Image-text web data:
━━━━━━
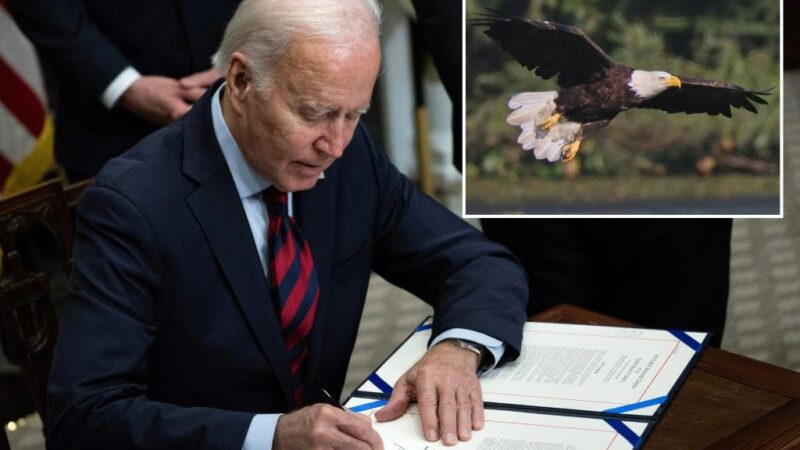 Biden signs new law, designates bald eagle as ‘national bird’ on Christmas Eve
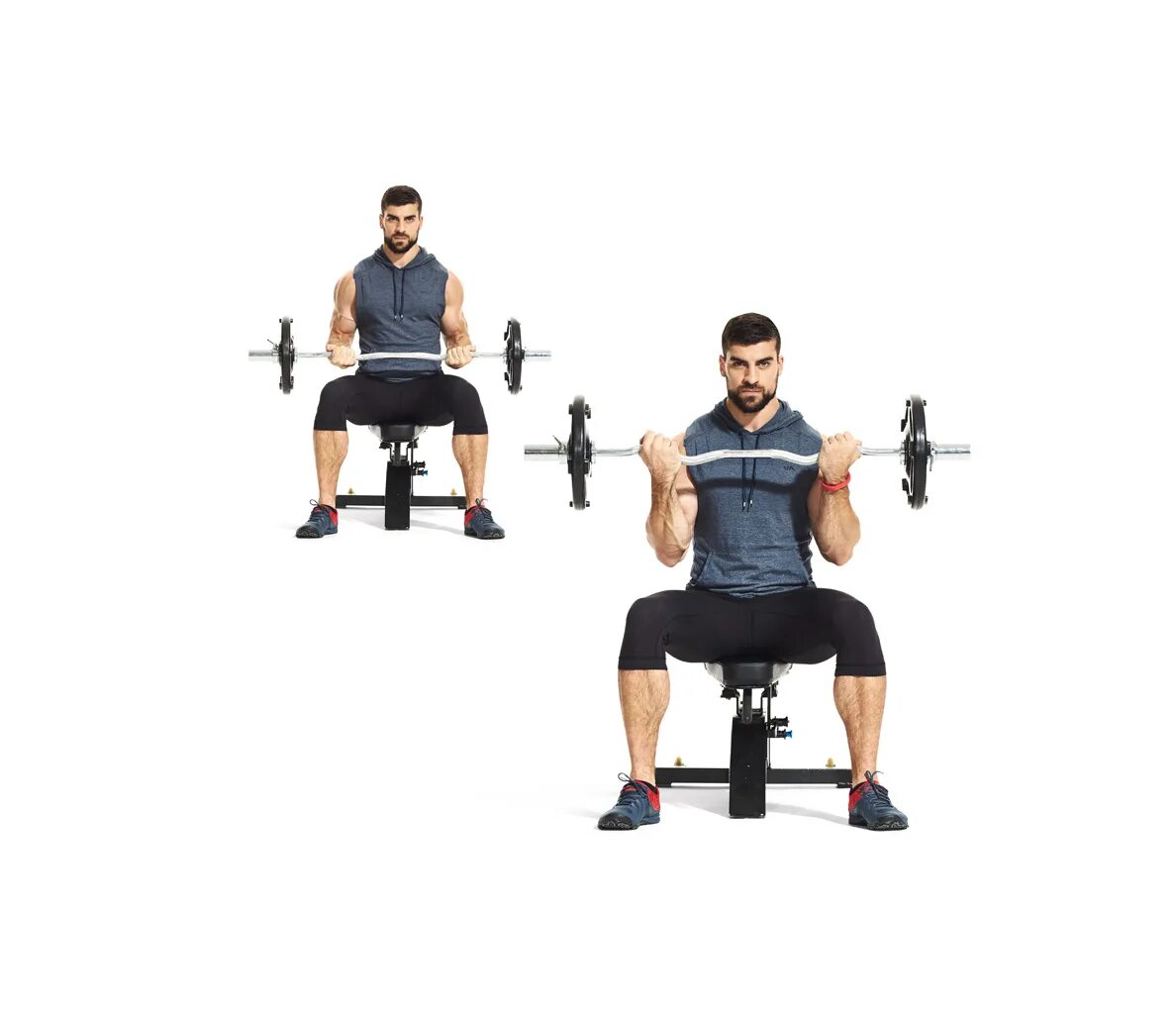 Curl response. Barbell Curl. Burble Curl. Barbell Curls Seated. Seated Barbell Curls advantage.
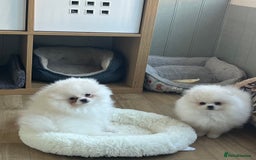 Pomeranian dogs for sale: Quality Pom puppies from Five Star Breeder  - Image 4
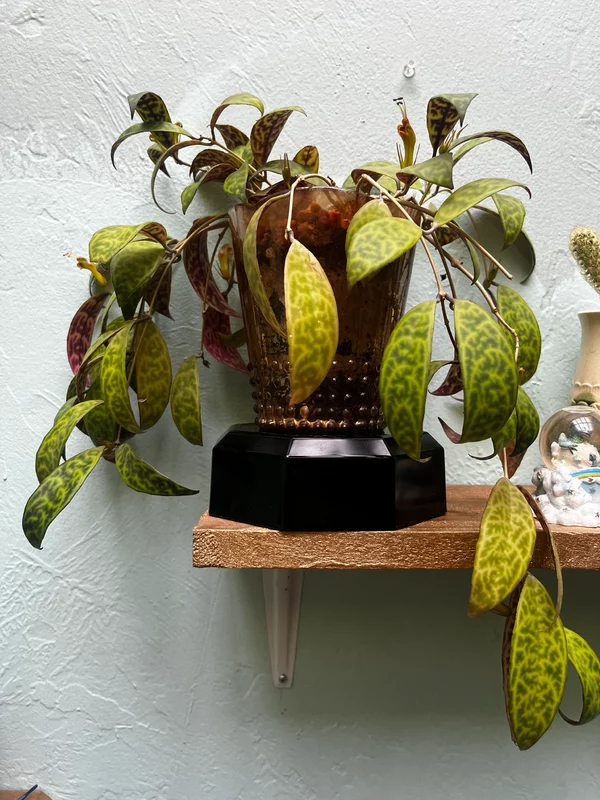 Black Pagoda Lipstick Plant in a Golden Art Deco style pot - Image 11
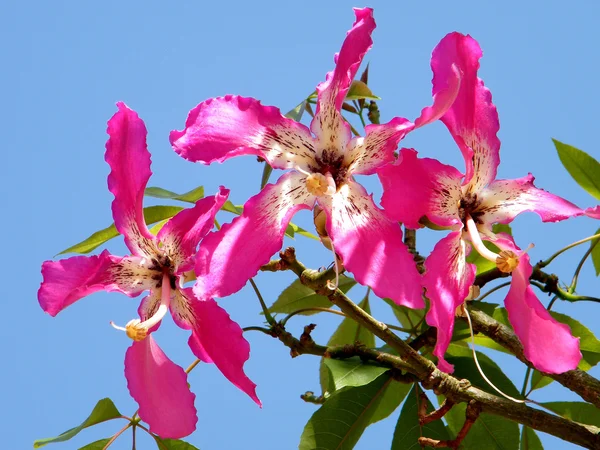 Nebo Jehuda chorisia speciosa květ 2010 — Stock fotografie
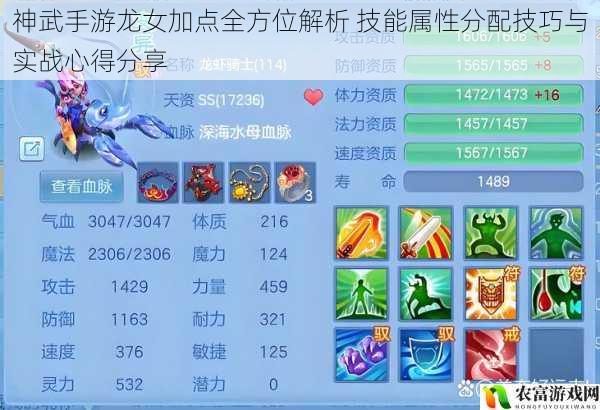 神武手游龙女加点全方位解析 技能属性分配技巧与实战心得分享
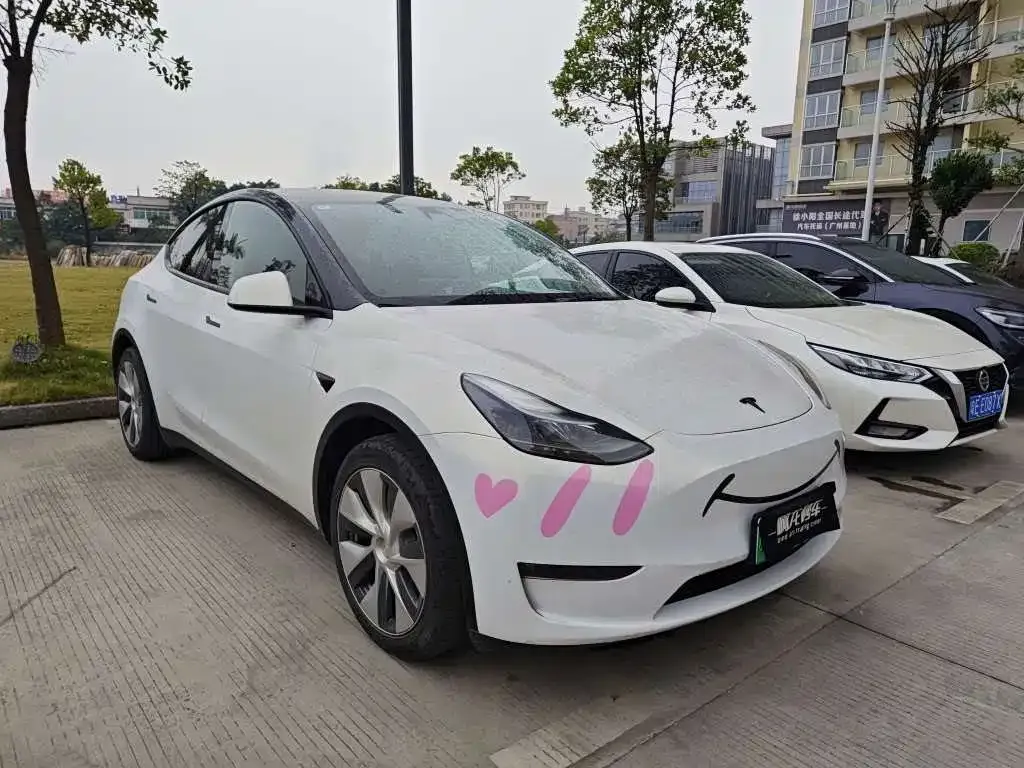 Tesla Model Y 2021 из CN, фото 3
━━━━━━
--- HOW TO COMPLETE THIS TASK ---
Retype the records above exactly, starting at the line that contains "神武手游龙女加点全方位解析 技能属性分配技巧与实战心得分享" and going through the last line, and leave out any pictures.

--- OUTPUT BELOW ---
 神武手游龙女加点全方位解析 技能属性分配技巧与实战心得分享
 Tesla Model Y 2021 из CN, фото 3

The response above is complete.